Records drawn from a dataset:
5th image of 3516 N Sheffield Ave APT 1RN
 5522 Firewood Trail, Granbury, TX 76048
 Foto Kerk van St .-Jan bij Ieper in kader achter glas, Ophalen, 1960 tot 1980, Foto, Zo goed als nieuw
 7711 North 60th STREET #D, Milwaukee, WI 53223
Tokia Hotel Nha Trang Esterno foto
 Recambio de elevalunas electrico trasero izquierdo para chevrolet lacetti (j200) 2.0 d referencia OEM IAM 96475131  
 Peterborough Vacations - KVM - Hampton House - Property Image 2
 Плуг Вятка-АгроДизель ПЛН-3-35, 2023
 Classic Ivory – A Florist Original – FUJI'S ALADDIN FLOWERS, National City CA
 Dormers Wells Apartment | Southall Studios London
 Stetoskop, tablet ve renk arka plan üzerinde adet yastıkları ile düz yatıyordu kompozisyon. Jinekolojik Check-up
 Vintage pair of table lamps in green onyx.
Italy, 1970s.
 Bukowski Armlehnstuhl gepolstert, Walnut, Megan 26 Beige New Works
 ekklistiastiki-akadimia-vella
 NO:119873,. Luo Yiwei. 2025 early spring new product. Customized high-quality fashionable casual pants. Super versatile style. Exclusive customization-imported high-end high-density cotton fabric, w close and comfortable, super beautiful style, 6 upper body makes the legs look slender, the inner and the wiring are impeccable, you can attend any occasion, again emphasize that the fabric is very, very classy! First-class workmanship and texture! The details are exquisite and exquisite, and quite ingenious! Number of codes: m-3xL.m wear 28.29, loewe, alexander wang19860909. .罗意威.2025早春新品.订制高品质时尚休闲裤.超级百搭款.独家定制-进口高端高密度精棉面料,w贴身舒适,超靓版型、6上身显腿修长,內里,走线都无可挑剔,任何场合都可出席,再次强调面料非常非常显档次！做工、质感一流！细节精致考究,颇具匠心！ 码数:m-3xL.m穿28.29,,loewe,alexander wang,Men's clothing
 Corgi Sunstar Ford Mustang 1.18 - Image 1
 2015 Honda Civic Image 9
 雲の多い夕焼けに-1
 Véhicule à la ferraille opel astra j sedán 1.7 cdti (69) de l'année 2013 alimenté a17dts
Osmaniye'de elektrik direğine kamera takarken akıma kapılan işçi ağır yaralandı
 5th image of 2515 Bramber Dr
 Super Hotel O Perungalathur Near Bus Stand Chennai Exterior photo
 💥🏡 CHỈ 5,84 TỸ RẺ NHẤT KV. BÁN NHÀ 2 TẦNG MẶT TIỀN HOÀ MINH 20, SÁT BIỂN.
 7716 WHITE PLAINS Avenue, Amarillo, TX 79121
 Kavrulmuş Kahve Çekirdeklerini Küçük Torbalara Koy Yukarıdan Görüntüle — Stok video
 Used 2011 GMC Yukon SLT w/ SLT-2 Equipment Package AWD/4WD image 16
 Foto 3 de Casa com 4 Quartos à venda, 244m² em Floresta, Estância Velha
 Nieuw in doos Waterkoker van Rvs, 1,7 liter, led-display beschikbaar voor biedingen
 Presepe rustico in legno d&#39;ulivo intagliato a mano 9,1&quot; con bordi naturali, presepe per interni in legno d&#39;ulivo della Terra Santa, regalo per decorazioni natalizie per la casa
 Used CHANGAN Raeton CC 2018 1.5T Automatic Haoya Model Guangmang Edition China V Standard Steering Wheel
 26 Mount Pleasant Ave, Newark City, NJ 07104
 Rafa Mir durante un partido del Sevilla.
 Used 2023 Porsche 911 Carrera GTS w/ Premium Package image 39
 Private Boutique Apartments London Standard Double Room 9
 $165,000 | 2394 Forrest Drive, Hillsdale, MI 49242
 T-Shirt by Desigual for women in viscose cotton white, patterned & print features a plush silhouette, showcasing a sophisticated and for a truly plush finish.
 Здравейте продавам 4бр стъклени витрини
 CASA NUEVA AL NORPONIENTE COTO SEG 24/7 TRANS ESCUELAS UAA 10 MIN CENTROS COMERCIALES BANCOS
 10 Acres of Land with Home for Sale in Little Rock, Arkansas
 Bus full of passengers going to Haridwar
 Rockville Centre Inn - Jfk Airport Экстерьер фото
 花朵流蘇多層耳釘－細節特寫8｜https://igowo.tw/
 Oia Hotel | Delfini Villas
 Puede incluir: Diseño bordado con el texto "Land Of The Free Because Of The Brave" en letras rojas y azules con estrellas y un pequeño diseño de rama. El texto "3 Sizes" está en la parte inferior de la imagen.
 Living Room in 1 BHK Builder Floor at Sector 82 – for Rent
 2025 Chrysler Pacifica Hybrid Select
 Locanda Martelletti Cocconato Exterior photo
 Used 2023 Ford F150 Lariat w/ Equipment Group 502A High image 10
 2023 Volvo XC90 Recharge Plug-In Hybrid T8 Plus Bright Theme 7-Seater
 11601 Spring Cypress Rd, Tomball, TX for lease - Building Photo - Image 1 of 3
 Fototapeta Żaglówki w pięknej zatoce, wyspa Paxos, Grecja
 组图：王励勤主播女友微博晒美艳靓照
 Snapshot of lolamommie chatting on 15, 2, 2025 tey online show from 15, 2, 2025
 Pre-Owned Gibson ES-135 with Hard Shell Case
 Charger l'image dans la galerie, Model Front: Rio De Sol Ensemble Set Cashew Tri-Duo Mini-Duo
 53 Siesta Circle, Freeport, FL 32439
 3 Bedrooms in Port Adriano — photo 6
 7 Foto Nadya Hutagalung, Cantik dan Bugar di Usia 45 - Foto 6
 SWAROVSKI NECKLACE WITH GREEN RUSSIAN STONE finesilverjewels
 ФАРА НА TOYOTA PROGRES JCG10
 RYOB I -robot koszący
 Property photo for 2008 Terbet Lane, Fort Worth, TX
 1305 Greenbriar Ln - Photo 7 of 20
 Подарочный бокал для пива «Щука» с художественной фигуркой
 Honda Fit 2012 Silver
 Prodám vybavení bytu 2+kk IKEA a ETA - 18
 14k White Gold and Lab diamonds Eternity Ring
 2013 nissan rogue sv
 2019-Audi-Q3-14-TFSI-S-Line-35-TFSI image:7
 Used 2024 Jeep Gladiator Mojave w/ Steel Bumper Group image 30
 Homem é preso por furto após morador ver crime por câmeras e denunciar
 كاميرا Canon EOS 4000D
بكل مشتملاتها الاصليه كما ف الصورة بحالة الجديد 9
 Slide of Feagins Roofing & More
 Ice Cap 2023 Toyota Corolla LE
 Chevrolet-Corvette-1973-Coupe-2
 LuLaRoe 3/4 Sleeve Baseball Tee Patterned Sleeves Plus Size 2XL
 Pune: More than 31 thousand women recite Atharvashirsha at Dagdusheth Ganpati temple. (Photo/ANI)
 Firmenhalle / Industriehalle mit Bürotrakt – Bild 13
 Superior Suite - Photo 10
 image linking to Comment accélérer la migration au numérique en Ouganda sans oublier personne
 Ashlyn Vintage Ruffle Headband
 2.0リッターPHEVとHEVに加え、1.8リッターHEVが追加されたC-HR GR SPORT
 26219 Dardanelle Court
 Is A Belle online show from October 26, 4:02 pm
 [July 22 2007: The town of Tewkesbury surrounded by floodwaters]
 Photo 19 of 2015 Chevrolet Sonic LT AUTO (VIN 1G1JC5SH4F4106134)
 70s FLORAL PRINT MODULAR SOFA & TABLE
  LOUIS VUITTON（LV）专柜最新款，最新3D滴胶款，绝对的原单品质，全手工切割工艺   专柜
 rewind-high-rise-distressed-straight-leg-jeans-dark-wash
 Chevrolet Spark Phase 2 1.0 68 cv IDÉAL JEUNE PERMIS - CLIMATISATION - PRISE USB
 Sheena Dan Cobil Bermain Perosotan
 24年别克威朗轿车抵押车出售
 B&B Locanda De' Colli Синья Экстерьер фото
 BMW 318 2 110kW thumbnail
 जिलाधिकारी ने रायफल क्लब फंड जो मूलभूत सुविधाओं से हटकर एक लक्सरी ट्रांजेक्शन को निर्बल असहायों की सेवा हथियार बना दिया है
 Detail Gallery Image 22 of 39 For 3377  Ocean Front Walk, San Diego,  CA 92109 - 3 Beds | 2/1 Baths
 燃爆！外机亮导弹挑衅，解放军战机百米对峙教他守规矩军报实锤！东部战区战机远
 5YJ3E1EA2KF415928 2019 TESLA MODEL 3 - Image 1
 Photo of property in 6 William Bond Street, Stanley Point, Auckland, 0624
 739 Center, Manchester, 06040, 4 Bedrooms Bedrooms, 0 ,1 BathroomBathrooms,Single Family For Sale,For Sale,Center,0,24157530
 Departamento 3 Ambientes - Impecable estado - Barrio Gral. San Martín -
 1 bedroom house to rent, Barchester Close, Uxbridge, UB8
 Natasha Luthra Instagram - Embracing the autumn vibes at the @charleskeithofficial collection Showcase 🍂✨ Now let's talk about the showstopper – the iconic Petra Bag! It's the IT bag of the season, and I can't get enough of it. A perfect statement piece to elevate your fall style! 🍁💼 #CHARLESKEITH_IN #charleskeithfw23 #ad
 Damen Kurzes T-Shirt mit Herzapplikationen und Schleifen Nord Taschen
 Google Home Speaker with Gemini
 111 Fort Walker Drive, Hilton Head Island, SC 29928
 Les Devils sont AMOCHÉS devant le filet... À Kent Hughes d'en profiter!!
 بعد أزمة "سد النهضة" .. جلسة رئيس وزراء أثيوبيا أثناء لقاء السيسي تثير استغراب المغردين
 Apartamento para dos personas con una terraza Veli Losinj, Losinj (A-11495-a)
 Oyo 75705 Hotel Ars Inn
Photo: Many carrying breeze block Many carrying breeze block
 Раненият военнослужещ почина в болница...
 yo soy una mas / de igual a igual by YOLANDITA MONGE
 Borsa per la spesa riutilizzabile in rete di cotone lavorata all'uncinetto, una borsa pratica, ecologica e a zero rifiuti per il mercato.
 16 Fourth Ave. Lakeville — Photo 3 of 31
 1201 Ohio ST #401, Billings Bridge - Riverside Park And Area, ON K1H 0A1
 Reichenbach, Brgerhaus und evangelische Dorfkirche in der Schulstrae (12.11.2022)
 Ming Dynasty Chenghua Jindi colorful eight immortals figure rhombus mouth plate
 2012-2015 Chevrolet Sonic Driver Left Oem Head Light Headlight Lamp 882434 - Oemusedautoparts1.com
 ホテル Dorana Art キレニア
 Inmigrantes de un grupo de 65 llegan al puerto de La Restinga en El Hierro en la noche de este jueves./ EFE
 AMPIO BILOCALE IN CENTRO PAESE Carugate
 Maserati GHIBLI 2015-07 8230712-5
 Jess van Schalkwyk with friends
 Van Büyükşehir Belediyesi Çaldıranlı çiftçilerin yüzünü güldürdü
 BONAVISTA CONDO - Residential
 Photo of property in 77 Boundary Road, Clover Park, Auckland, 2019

Task item: Find "Used 2023 Ford" in the entries above and copy that whole line exactly, then each line after it through the line that contains "Pre-Owned Gibson ES-135 with Hard Shell Case".

The answer:
 Used 2023 Ford F150 Lariat w/ Equipment Group 502A High image 10
 2023 Volvo XC90 Recharge Plug-In Hybrid T8 Plus Bright Theme 7-Seater
 11601 Spring Cypress Rd, Tomball, TX for lease - Building Photo - Image 1 of 3
 Fototapeta Żaglówki w pięknej zatoce, wyspa Paxos, Grecja
 组图：王励勤主播女友微博晒美艳靓照
 Snapshot of lolamommie chatting on 15, 2, 2025 tey online show from 15, 2, 2025
 Pre-Owned Gibson ES-135 with Hard Shell Case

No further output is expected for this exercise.